Problem requirements :: Could you set down the full listing, unchanged?

Data section ::
Segment Open

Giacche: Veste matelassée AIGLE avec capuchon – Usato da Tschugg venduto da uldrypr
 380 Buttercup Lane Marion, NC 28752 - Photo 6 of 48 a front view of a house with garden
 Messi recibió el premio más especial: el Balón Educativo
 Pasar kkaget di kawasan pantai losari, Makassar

Segment Closed

Exercise response ::
Giacche: Veste matelassée AIGLE avec capuchon – Usato da Tschugg venduto da uldrypr
 380 Buttercup Lane Marion, NC 28752 - Photo 6 of 48 a front view of a house with garden
 Messi recibió el premio más especial: el Balón Educativo
 Pasar kkaget di kawasan pantai losari, Makassar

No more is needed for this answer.